Posted to dev@cassandra.apache.org by Jeremy Hanna <je...@gmail.com> on 2010/11/04 20:53:08 UTC

Mahout/Cassandra integration

For people interested in using Cassandra with Mahout, there are a few possible integration points that could be fleshed out.  I was talking with Grant Ingersoll about this at apachecon and thought I would send out a note about it.  The motivation could be enhancing Cassandra's analytics capabilities with using Mahout with data stored in Cassandra.

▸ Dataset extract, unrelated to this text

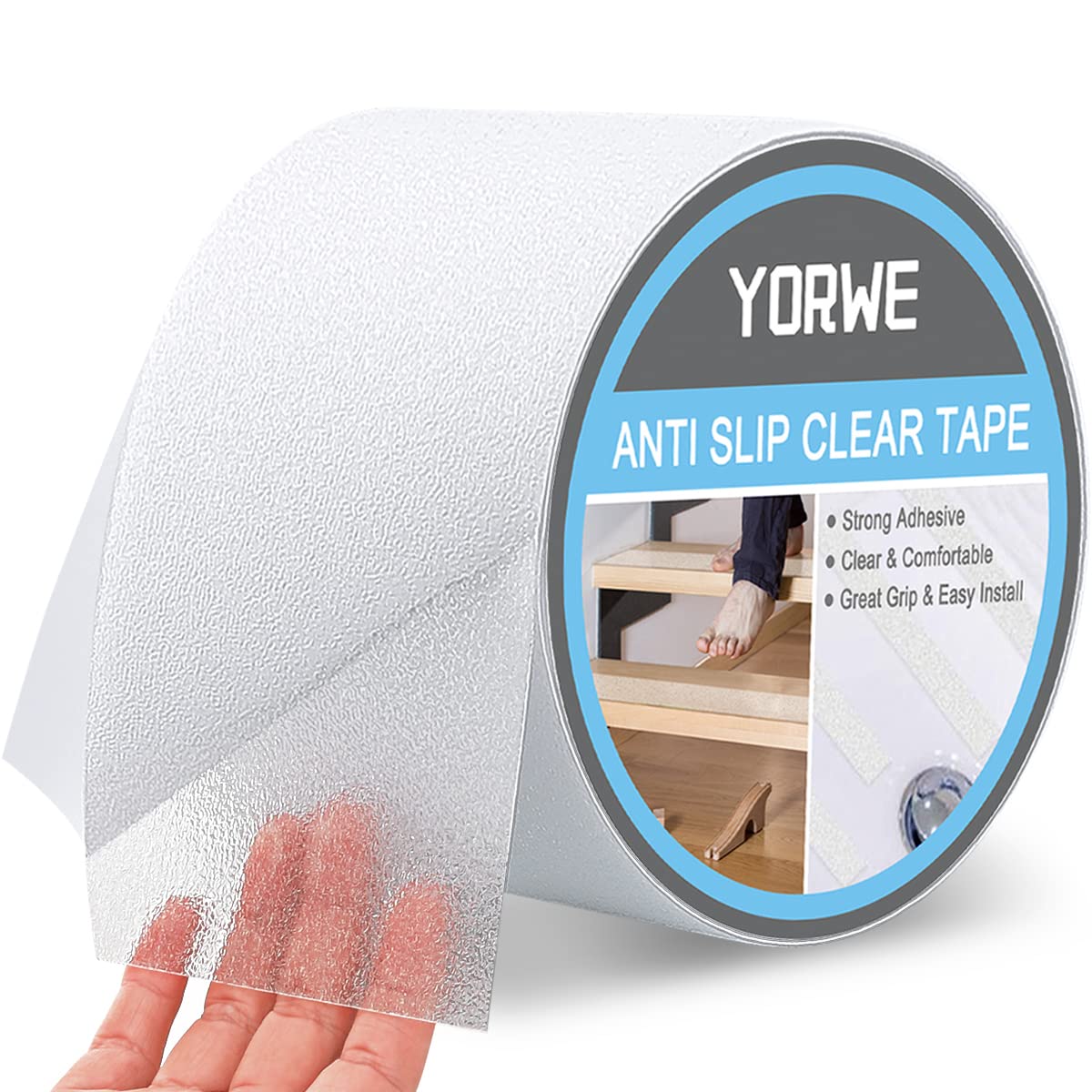 Anti Slip Tape Transparent, More Clear and Comfortable Safety Track Tape (4" Width x 190" Long, Clear)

drivers - in the bin directory there is a script that loads drivers.  Those drivers are used to input to the algorithms from sequence files through the hdfs inputformat by default.  It could possibly use Cassandra's inputformat or have a pluggable option.  I'm not sure where the output comes into play, but I would think that it would likewise just be able to use the outputformat.

datamodel - https://hudson.apache.org/hudson/job/Mahout-Quality/javadoc/org/apache/mahout/cf/taste/model/DataModel.html

DataStore - https://hudson.apache.org/hudson/job/Mahout-Quality/javadoc/org/apache/mahout/classifier/bayes/interfaces/Datastore.html
Currently there is an HBase and an in memory data store, but that would be a relatively simple integration point.

Other integration points in the future might be using Flume for output and could also go through flume to Cassandra through the Cassandra sink that Tyler Hobbs did - https://github.com/thobbs/flume-cassandra-plugin

Anyway, just wanted to relay that info.